» Work request
The answer is the full set of records, given again exactly and without images.

» Extracted entries
──────────────────────────────
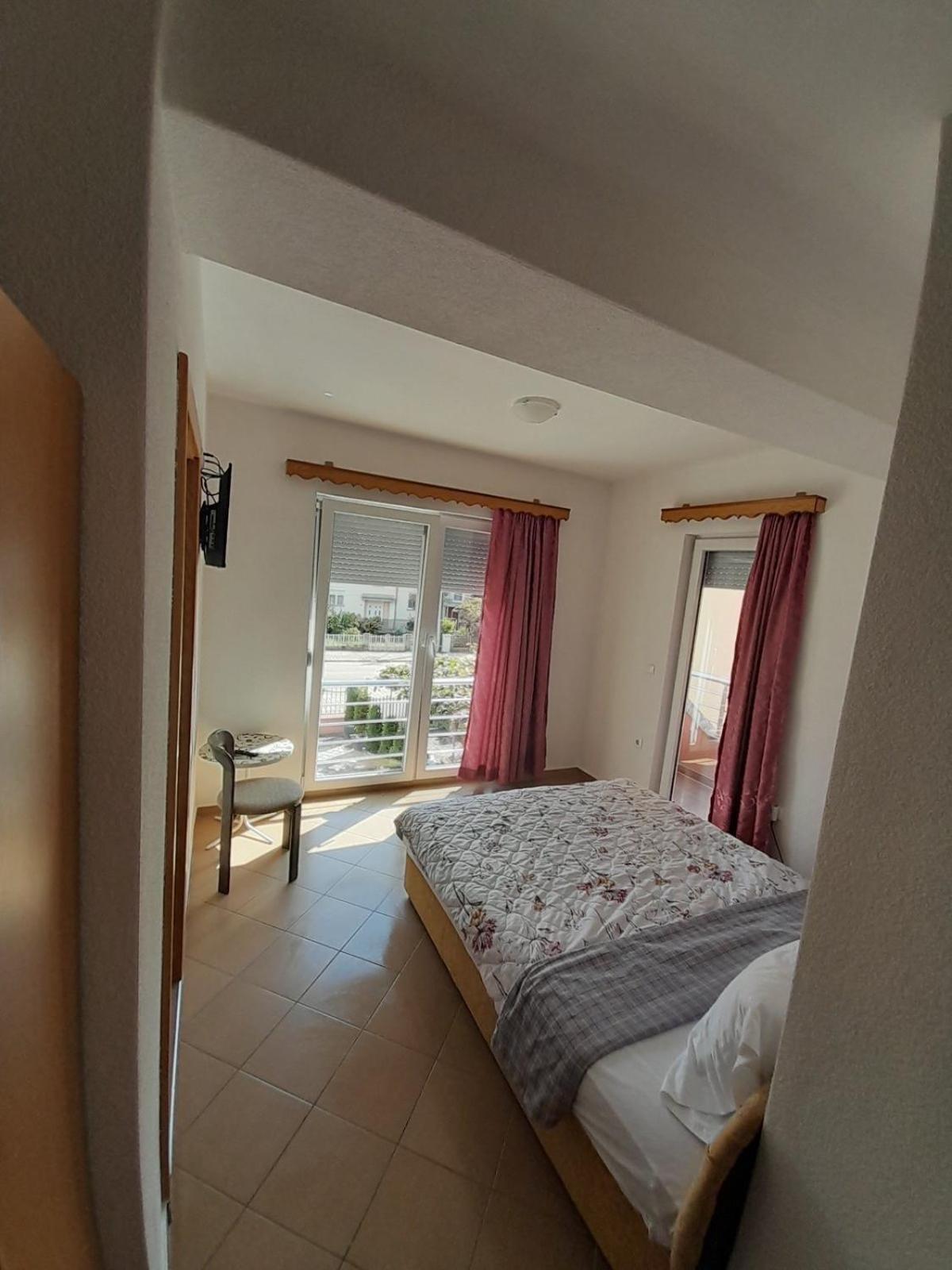 Vila Bolonja Struga Dış mekan fotoğraf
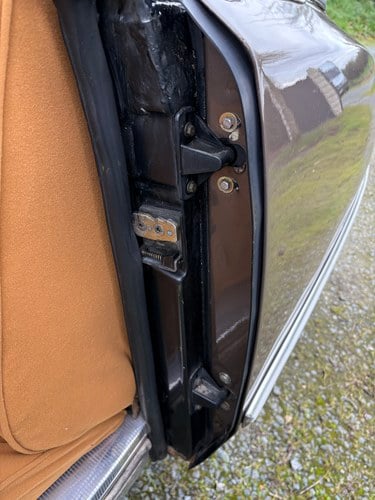 1973 Citroen DS23 Series 3 Pallas In vendita (immagine 26 di 101)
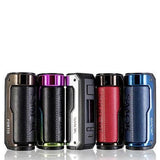 SMOK FORTIS 100W BOX MOD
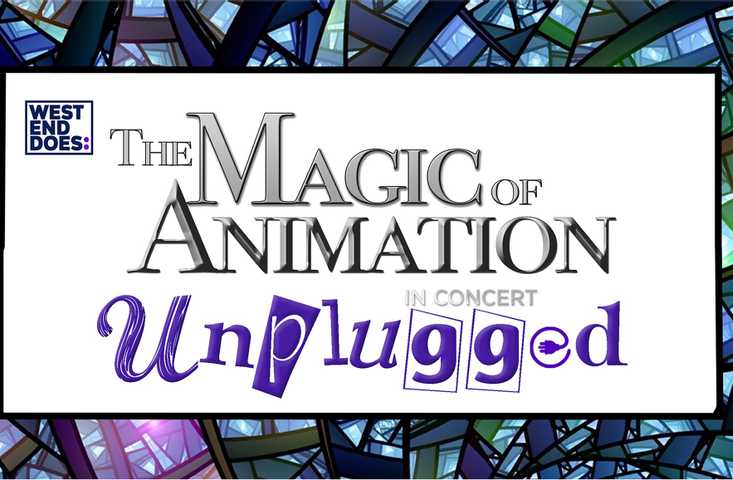 The Magic of Animation - Unplugged
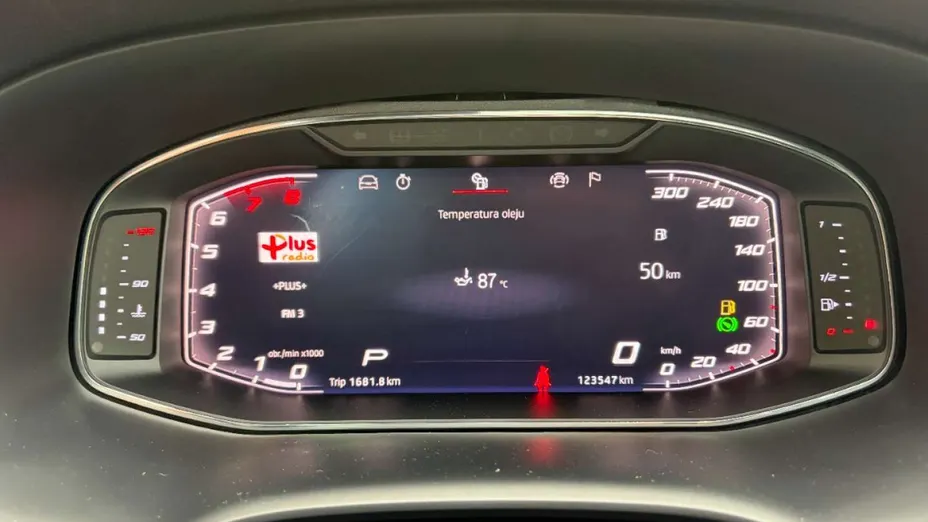 SEAT ATECA -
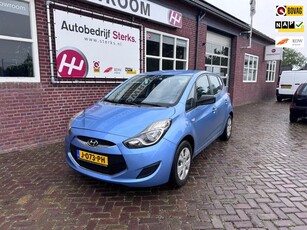 Hyundai Ix20 1.4i i-Drive AIRCO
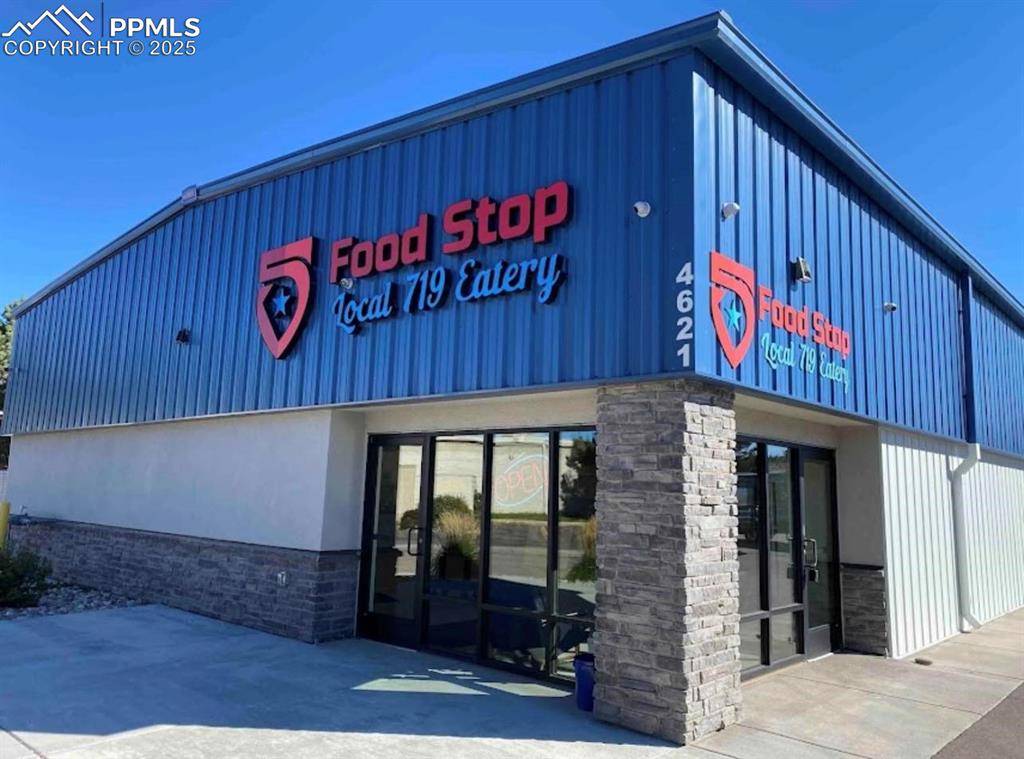 Colorado Springs, CO 80918,4621 Austin Bluffs Pkwy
──────────────────────────────
» Worked solution
 Vila Bolonja Struga Dış mekan fotoğraf
 1973 Citroen DS23 Series 3 Pallas In vendita (immagine 26 di 101)
 SMOK FORTIS 100W BOX MOD
 The Magic of Animation - Unplugged
 SEAT ATECA -
 Hyundai Ix20 1.4i i-Drive AIRCO
 Colorado Springs, CO 80918,4621 Austin Bluffs Pkwy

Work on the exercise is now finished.